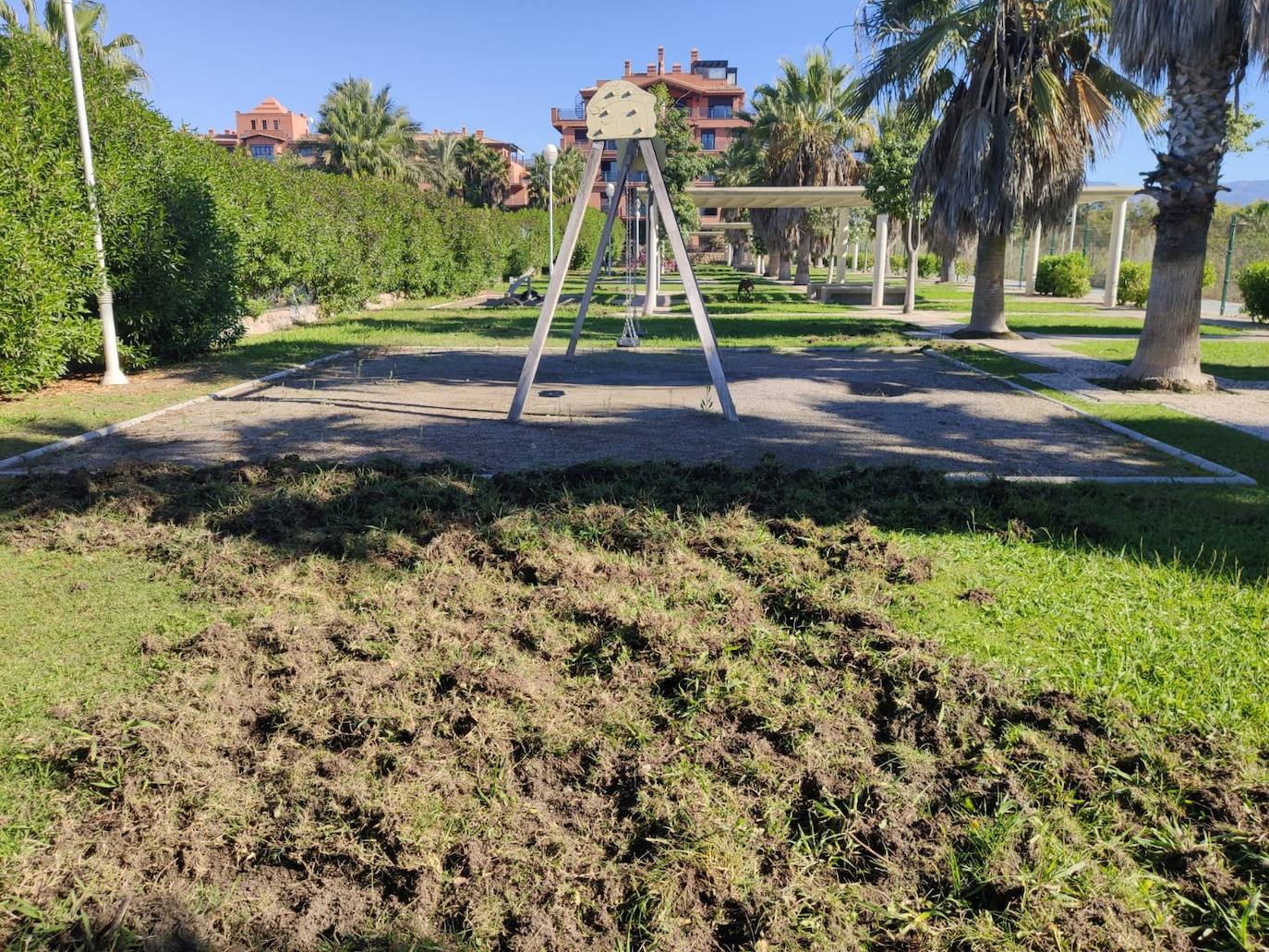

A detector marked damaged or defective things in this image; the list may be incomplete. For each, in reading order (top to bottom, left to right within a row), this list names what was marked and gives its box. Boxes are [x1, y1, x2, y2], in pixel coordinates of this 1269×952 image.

damaged lawn [0, 460, 1263, 946]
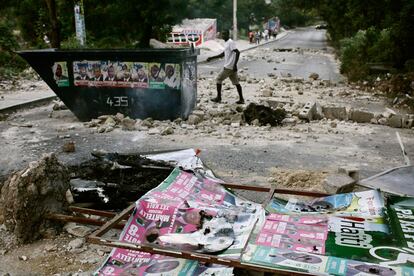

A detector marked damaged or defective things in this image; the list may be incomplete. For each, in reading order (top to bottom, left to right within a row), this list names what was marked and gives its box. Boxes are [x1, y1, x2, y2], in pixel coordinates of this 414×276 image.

broken concrete slab [300, 101, 316, 121]
broken concrete slab [322, 105, 348, 121]
broken concrete slab [324, 172, 356, 194]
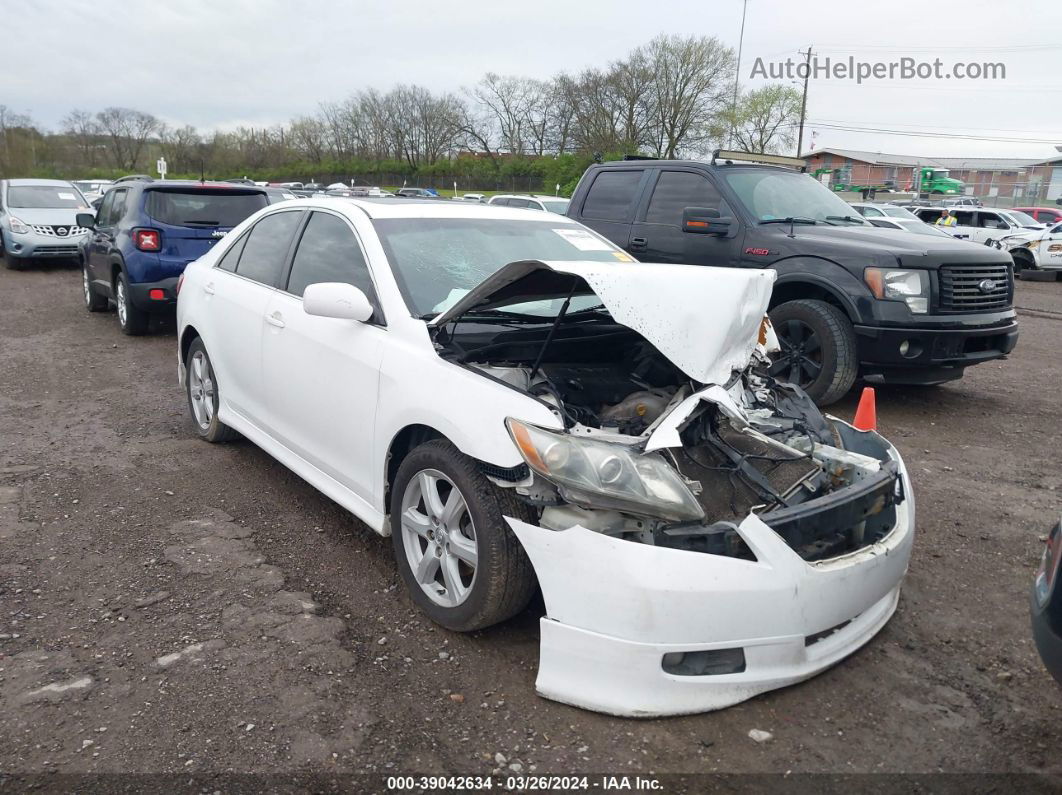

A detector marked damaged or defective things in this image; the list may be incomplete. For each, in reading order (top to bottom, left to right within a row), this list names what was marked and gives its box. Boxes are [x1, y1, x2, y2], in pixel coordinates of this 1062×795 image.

shattered windshield [374, 219, 632, 318]
crumpled hood [428, 262, 776, 386]
broken headlight [864, 268, 932, 316]
broken headlight [508, 416, 708, 524]
severe front-end damage [430, 262, 916, 720]
damaged front bumper [508, 426, 916, 720]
◇ ◇ ◇
**Requirement**: Before duplicating, set the pictures aside; then output exactly the lines from the one with "this 414×276 image." through the end of the records, and only those.

**Exercise answer**:
A detector marked damaged or defective things in this image; the list may be incomplete. For each, in reading order (top to bottom, left to right within a row), this list names what was marked and gives its box. Boxes are [x1, y1, x2, y2], in pixel coordinates of this 414×276 image.

broken concrete slab [300, 101, 316, 121]
broken concrete slab [322, 105, 348, 121]
broken concrete slab [324, 172, 356, 194]

A detector marked damaged or defective things in this image; the list may be incomplete. For each, in reading order (top to bottom, left to right within a row), this list names what was marked and gives its box. Boxes are [x1, y1, x2, y2], in pixel coordinates of this 1062×795 image.

shattered windshield [374, 219, 632, 318]
crumpled hood [428, 262, 776, 386]
broken headlight [864, 268, 932, 316]
broken headlight [508, 416, 708, 524]
severe front-end damage [430, 262, 916, 720]
damaged front bumper [508, 426, 916, 720]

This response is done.